Artificial intelligence evaluation platform Coval has secured a $28 million Series A funding round to continue improving the deployment of autonomous voice agents across the enterprise.
Norwest led the funding round with participation from Base10 Partners, Twilio Ventures, and Y Combinator. Executives say the company has raised $31 million since its founding in 2024 and works with more than 60 organizations, including Zoom and Deepgram.

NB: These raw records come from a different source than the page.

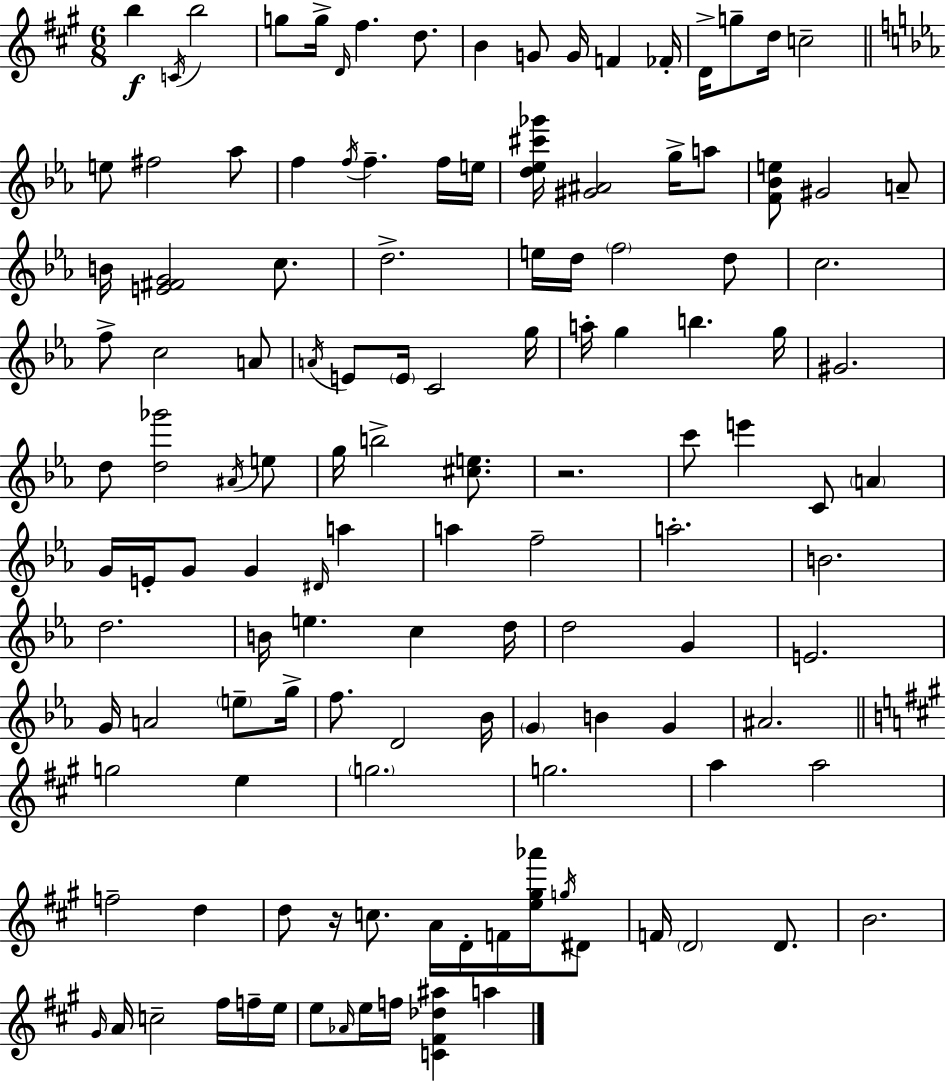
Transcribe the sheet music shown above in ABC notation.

X:1
T:Untitled
M:6/8
L:1/4
K:A
b C/4 b2 g/2 g/4 D/4 ^f d/2 B G/2 G/4 F _F/4 D/4 g/2 d/4 c2 e/2 ^f2 _a/2 f f/4 f f/4 e/4 [d_e^c'_g']/4 [^G^A]2 g/4 a/2 [F_Be]/2 ^G2 A/2 B/4 [E^FG]2 c/2 d2 e/4 d/4 f2 d/2 c2 f/2 c2 A/2 A/4 E/2 E/4 C2 g/4 a/4 g b g/4 ^G2 d/2 [d_g']2 ^A/4 e/2 g/4 b2 [^ce]/2 z2 c'/2 e' C/2 A G/4 E/4 G/2 G ^D/4 a a f2 a2 B2 d2 B/4 e c d/4 d2 G E2 G/4 A2 e/2 g/4 f/2 D2 _B/4 G B G ^A2 g2 e g2 g2 a a2 f2 d d/2 z/4 c/2 A/4 D/4 F/4 [e^g_a']/4 g/4 ^D/2 F/4 D2 D/2 B2 ^G/4 A/4 c2 ^f/4 f/4 e/4 e/2 _A/4 e/4 f/4 [C^F_d^a] a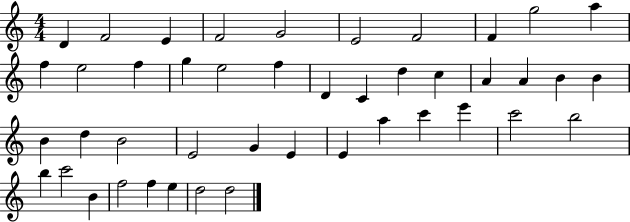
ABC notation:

X:1
T:Untitled
M:4/4
L:1/4
K:C
D F2 E F2 G2 E2 F2 F g2 a f e2 f g e2 f D C d c A A B B B d B2 E2 G E E a c' e' c'2 b2 b c'2 B f2 f e d2 d2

“Every company will deploy voice agents in the same way they have mobile and web apps, but today most companies don’t have the infrastructure to confidently deploy these systems,” Coval founder and CEO Brooke Hopkins said in a statement. “Coval allows teams to simulate, monitor, and continuously improve voice agents, allowing them to move from experimentation to reliable production at scale.”
Prior to founding Coval, Hopkins led Waymo’s Assessment Jobs Infrastructure team.
“Voice will become the most important interface for humans to interact with AI, and that change will create a whole new infrastructure layer for enterprises,” Norwest partner Scott Beechak said in a statement. “With extensive experience building self-driving technology rating systems at Waymo, Brooke is uniquely positioned to lead Coval in defining how companies can reliably deploy and scale voice agents. She helped prove the potential for self-driving cars to work and is now working on voice AI.”
According to the announcement, Coval works across the entire voice agent lifecycle, automating agent testing and continuously improving assessment accuracy, enabling organizations to perform assessments across millions of voice interactions.
Executives say the solution reduces manual quality assurance (QA) processes by up to 30x and increases voice agent deployment time by 10x.
The company plans to use the new funding to address reliability and compliance issues that organizations face during implementation, expand its sales and solutions engineering teams, and improve product capabilities. Coval points to the rapid growth of the voice recognition market, with an expected market value of $20 billion by 2031.